Childcare costs are projected using a double-hurdle model, characterised by a probit function describing the incidence of formal childcare costs and a linear least-squares regression equation describing the value of childcare costs when these are incurred. Both equations include the same set of explanatory variables describing the number and age of dependent children in a benefit unit, the relationship status and employment status of adults in the benefit unit, whether any adult in the benefit unit is higher educated, region, and year.

Discretionary consumption
The model can be directed to project employment and discretionary consumption jointly to reflect forward-looking expectations for behavioural incentives. The projection of discretionary consumption varies depending on whether forward-looking expectations are chosen to be explicit or implicit within a simulation.

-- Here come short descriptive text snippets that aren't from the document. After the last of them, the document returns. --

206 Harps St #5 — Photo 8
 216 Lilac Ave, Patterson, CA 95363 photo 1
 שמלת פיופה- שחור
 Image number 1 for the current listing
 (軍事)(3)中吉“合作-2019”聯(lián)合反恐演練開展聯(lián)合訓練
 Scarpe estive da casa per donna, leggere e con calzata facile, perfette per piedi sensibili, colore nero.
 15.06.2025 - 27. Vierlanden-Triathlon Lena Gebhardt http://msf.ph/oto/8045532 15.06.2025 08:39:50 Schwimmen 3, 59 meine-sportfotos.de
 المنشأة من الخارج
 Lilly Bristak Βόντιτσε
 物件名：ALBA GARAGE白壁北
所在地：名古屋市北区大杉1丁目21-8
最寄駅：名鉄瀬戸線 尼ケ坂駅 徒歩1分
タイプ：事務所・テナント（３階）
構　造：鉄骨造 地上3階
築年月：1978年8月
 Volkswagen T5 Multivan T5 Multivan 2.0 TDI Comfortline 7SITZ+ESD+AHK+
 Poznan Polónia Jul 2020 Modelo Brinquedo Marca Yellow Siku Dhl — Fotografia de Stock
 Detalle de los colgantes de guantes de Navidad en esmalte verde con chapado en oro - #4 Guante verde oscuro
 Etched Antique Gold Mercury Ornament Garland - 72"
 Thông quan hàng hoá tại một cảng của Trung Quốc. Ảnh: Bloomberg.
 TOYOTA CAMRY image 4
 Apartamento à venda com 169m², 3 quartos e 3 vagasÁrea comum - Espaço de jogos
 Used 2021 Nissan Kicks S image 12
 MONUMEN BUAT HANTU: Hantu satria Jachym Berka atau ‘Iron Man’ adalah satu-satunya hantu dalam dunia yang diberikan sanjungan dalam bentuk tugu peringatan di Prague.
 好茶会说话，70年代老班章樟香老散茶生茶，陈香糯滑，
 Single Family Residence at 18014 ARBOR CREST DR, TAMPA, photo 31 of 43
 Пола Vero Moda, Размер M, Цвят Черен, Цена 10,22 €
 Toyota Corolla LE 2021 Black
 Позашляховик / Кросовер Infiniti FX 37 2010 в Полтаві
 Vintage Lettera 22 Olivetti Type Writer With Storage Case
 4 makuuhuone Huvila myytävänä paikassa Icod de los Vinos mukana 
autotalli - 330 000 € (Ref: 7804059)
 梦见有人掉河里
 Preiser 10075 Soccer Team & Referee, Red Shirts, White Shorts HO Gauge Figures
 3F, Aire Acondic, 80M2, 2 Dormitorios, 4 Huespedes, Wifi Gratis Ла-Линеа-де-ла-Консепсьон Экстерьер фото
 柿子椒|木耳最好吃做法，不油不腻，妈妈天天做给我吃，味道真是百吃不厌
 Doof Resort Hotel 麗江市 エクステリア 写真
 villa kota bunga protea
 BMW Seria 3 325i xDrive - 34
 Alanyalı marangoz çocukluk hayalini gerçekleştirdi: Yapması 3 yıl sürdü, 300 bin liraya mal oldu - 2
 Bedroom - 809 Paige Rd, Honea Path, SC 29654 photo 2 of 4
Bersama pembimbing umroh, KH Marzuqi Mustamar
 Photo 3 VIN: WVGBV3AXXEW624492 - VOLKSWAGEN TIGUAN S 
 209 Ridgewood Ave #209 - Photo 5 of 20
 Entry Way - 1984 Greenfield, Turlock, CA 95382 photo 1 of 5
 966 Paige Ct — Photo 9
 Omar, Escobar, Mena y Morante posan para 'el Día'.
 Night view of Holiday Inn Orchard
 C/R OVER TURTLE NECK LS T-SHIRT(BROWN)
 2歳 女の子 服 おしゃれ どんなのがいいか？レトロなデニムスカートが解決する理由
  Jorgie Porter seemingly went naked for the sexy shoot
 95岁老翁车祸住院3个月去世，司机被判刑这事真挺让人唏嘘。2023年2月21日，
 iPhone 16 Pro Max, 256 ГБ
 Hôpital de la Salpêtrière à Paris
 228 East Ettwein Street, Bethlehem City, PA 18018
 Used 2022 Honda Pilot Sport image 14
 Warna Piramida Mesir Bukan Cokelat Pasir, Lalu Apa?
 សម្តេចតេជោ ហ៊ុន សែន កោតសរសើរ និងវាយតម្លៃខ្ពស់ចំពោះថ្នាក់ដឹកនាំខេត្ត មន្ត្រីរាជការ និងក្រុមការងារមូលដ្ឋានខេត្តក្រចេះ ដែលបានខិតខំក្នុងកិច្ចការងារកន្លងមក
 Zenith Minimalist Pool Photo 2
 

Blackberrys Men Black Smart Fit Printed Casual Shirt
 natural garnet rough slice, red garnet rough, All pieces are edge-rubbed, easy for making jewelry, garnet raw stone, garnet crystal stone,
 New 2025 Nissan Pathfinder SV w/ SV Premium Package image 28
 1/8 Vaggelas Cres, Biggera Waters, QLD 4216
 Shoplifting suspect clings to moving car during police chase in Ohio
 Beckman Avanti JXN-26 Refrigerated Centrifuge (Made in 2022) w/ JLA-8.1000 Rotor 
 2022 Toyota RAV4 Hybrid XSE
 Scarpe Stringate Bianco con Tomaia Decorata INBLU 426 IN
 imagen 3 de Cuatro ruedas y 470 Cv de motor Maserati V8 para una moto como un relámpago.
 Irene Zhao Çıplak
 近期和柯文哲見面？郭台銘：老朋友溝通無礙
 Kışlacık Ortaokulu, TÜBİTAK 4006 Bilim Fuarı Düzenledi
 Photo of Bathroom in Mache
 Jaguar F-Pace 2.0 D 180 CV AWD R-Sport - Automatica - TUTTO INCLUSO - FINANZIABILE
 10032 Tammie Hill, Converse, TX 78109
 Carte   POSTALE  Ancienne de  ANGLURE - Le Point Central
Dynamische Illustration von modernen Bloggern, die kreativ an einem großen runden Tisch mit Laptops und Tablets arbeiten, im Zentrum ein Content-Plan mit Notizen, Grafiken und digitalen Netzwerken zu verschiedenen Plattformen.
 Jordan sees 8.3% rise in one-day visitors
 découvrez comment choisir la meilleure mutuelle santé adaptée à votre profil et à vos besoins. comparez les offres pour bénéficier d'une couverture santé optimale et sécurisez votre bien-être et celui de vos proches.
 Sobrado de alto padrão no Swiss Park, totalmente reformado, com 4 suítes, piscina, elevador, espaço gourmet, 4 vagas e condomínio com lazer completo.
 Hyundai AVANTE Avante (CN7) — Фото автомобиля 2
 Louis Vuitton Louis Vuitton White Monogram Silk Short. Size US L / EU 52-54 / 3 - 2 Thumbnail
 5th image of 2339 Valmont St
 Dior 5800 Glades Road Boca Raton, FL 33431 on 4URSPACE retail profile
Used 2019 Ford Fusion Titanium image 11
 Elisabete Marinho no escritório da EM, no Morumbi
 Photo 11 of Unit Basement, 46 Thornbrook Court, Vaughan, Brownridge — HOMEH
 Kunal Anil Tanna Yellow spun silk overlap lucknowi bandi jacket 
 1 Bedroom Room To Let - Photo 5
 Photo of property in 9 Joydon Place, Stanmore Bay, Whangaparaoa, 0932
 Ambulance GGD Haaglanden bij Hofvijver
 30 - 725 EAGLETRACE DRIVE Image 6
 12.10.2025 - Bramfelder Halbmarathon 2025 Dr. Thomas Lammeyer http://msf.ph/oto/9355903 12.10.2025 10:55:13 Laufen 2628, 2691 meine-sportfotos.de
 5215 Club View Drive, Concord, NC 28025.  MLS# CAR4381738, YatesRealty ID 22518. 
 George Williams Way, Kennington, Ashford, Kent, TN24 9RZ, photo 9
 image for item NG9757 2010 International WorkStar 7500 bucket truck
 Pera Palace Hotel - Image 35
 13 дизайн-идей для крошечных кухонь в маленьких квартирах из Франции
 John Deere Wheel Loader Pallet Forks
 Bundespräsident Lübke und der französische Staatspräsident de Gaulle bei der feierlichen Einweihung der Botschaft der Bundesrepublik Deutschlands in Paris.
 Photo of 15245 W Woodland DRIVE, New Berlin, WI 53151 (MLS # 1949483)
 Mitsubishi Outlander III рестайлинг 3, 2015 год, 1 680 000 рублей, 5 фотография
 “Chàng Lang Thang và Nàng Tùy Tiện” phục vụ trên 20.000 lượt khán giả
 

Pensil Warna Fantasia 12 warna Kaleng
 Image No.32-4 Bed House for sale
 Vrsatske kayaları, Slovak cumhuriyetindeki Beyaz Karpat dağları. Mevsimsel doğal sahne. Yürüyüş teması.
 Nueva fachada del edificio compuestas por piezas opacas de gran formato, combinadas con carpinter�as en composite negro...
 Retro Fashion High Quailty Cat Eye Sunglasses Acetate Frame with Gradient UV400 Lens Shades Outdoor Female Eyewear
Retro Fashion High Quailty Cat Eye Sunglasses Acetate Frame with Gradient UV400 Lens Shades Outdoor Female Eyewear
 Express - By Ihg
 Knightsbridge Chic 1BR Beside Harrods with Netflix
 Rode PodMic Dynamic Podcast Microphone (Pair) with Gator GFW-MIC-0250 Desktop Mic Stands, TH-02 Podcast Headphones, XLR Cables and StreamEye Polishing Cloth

By default, yearly equivalised disposable income is calculated by adjusting disposable income to account for benefit unit demographic composition via the modified OECD scale. Equivalised consumption is set equal to equivalised disposable income for retired individuals, and to disposable income adjusted by a fixed discount factor to account for an implicit savings rate otherwise. The assumed savings rate, in turn, influences simulated capital income.

When expectation are explicit, the model evaluates solutions to the lifetime decision problem in the form of a look-up table when directed to reflect forward-looking expectations for behavioural incentives. In the case of discretionary consumption, the look-up table stores the ratio of consumption to “cash on hand”, where cash on hand is the sum of net wealth, disposable income, and available lines of credit. This ratio has the advantage that it is bounded between zero and one, which facilitates the computational routines and consideration of selected policy counterfactuals.

Assets accumulation
Net wealth is the key transition mechanism that balances intertemporal behavioural incentives when forward-looking expectations are treated explicitly by the model. In this case, dynamic evolution of wealth in most periods is described by the accounting identity:

$w_{i,t} = w_{i,t-1} + y_{i,t} - c_{i,t} - \bar{c}_{i,t}$

where $w_{i,t}$ denotes the net wealth of benefit unit $i$ in period $t$, $y_{i,t}$ disposable income, $c_{i,t}$ discretionary consumption, and $\bar{c_{i,t}}$ non-discretionary expenditure. The only departures from equation above are at the time of retirement if $w_{i,t} > 0$, when a fixed fraction of net wealth is converted into a fixed life annuity.

Homeownership
Although net wealth is not disaggregated in the model, the incidence of homeownership is reflected, as this is used as an input to for projection of psychological distress. Homeownership is evaluated at the benefit unit level, by considering if at least one of the adult occupants is classified as a homeowner. At the individual level, homeownership is determined using a probit regression model conditional on gender, age, lagged employment status, education level, lagged self-rated health, lagged benefit unit income quintile, lagged gross personal non-employment non-benefit income, region, lagged household composition, lagged spouse’s employment status, and a time trend.

10. Mental health

A secondary subjective-wellbeing process adjusts estimates obtained by the primary process to account for the effect of exposure to labour market transitions, such as moving in and out of employment and/or poverty. Specifically, in the SimPaths model, method Person.healthMentalHM2level() corresponds to the Step 2 of such a mental health evaluation, as illustrated in the right half of the Figure 1 below:

\ Figure 1, psychological distress in levels

The first and second processes for mental health in cases are combined, as illustrated in Figure 2, where processes HM2CasesFemales and HM2CasesMales correspond to the second process.

\ Figure 2, psychological distress in cases

11. Statistical display

At the end of each simulated year, SimPaths generates a series of year specific summary statistics. All of these statistics are saved for post-simulation analysis, with a subset of results also reported graphically as the simulation proceeds.